Artist finds new things to say in familiar ways for new exhibition
For a decade or so, it's been the face that has been at the center of April Sunami's art-making. Each work begins with one, whether found or friend or family member, and provides a reference point that informs the remainder of the work to come.
“The face is the foundation. It determines where the rest of the conversation is going to go,” Sunami said. “It determines the color palette, then [the] collage elements, then the mixed media.
“When I first [made paintings focusing on a face], I made two paintings similar to this style … maybe in '04 [or] '05. It was just something that really spoke to me, where I felt like I stumbled upon something that would be meaningful to me. I've been doing this ‘woman and hair' and ‘woman and body covering' thing for a decade now. It has helped me continue to develop the subject matter, which has been fundamental, because the subject matter has become a framework for me to discuss other things that are important to me. As I keep going along I keep finding more ways to say things in my work. But I never have any answers.

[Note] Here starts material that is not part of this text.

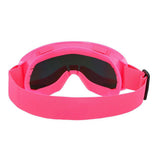 Boland Party Skibrille neonrosa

It's always questions.”
Initial works in this vein were, Sunami said, flat and two-dimensional — acrylic on canvas only. As she has continued to explore this environment, her works have grown to include collage elements, often featuring found materials.

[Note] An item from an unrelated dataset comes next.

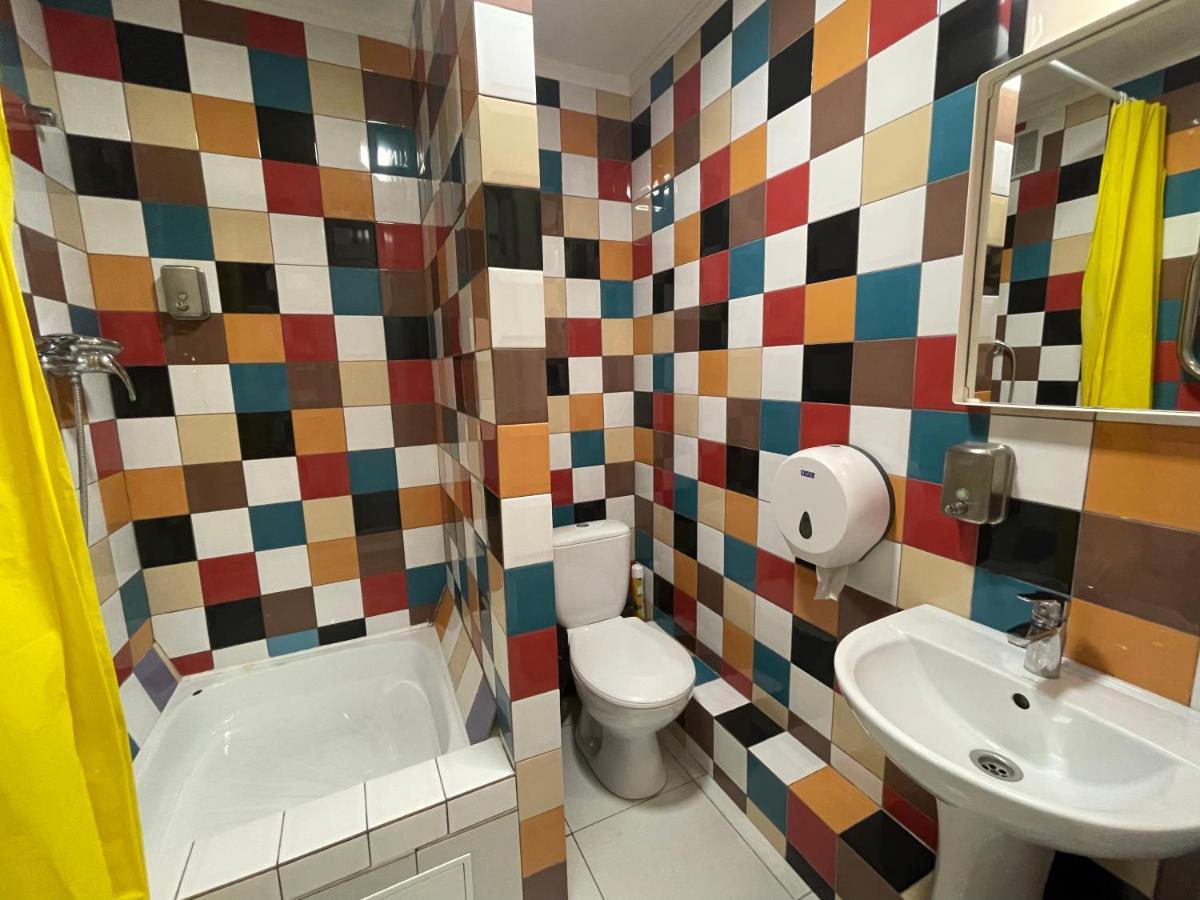 Gogol Mini Hotel Brest Dış mekan fotoğraf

“I'm a little bit of a hoarder,” Sunami said with a laugh. “I keep things and collect things and I find a new use for them. I have to give some deference to Aminah Robinson here. I'm not the first person to do this. I saw how she could take something everyday, mundane, and I've been extending and working off of that.”

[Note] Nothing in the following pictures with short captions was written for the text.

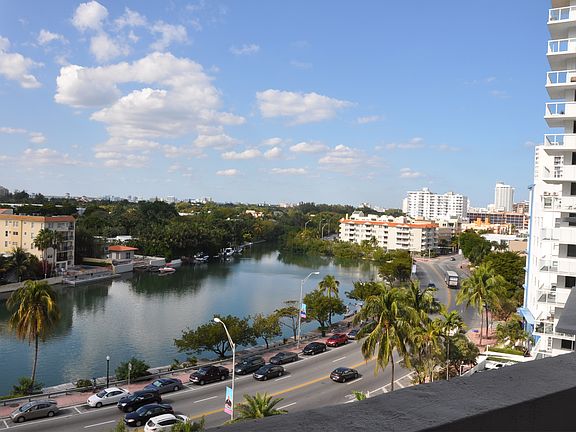 Northwest view from balcony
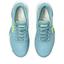 Asics Womens GEL-Challenger 14 Tennis Shoes - Light Blue - thumbnail image 5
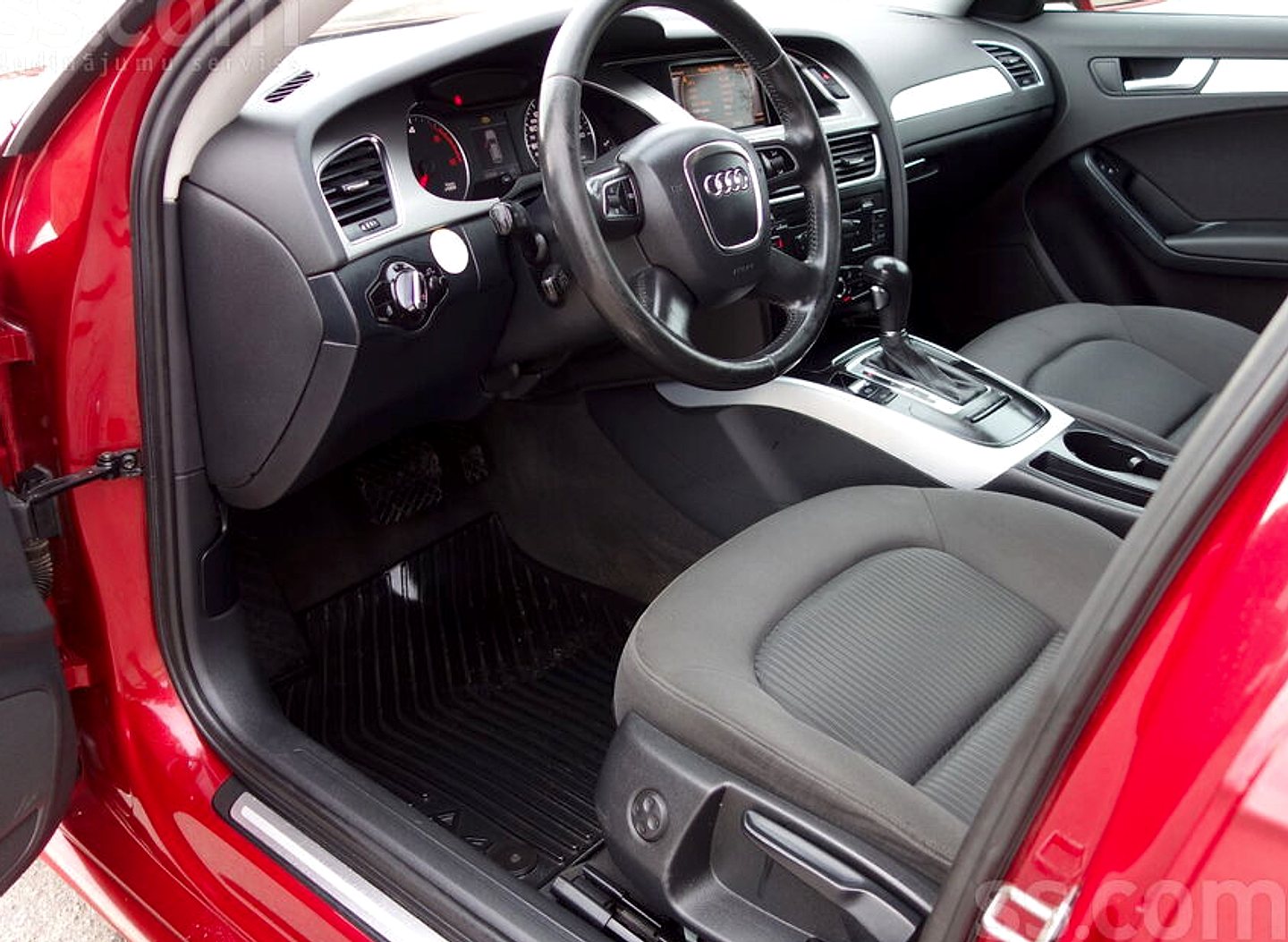 Audi A4 — foto 4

More recently, Sunami's work has explored the African diaspora, with a particular concern for history and cultural preservation. One piece in “From the Depths,” titled “Nzinga,” is a tribute to Queen NzingaMbande, a 17th century African leader.
Sunami said that her use of the cowry shell also speaks to the preservation of culture and religion “that has survived the transatlantic slave trade to exist here in a completely new context.”
“People ask, ‘Is there ever going to be a time you don't do women and hair or this particular subject matter?'” she said. “And I think, yeah, there will come a day, but I still haven't said everything I want to say with it. I still have some exploring to do.”